↓↓↓

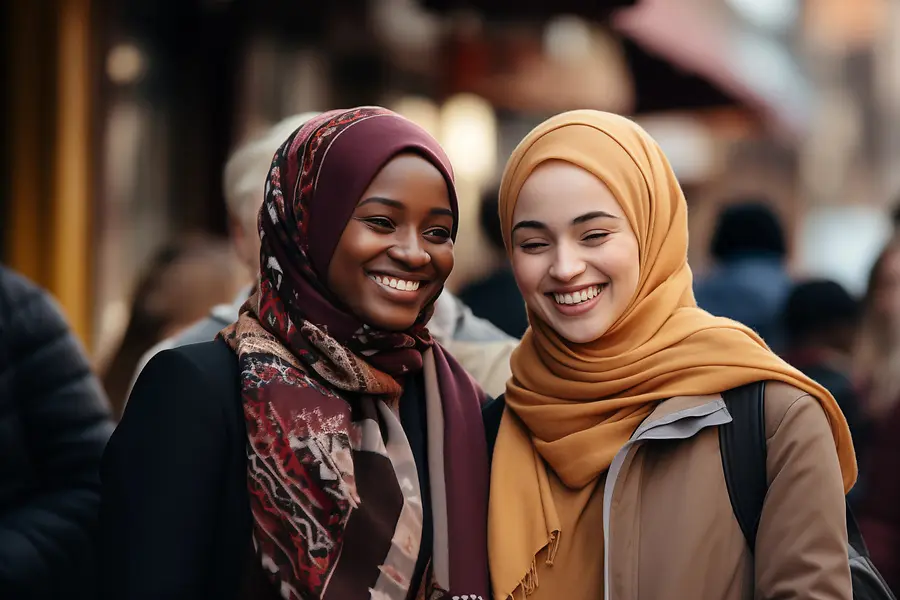 The Issue with the Concept of Cultural Appropriation and Appreciation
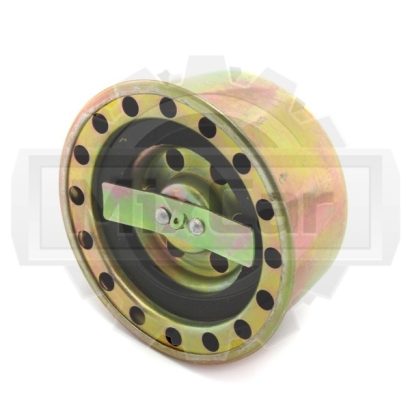 Крышка гидробака Yale GDP15-30AK / RK / TK (900396803)
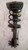 CITROEN C8 (2002) ASSALE AMMORTIZZATORE ANT. SX. USATO Da 2010 in poi [[228577]]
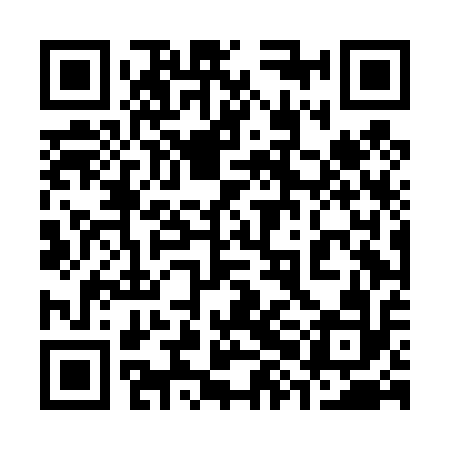 QR code for 38DD12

↑↑↑

TASK TO COMPLETE:
Go back to the line that contains "Крышка гидробака Yale" and copy it, along with each line after it through the end of the listing above, exactly and without pictures.

THE COMPLETED TASK:
 Крышка гидробака Yale GDP15-30AK / RK / TK (900396803)
 CITROEN C8 (2002) ASSALE AMMORTIZZATORE ANT. SX. USATO Da 2010 in poi [[228577]]
 QR code for 38DD12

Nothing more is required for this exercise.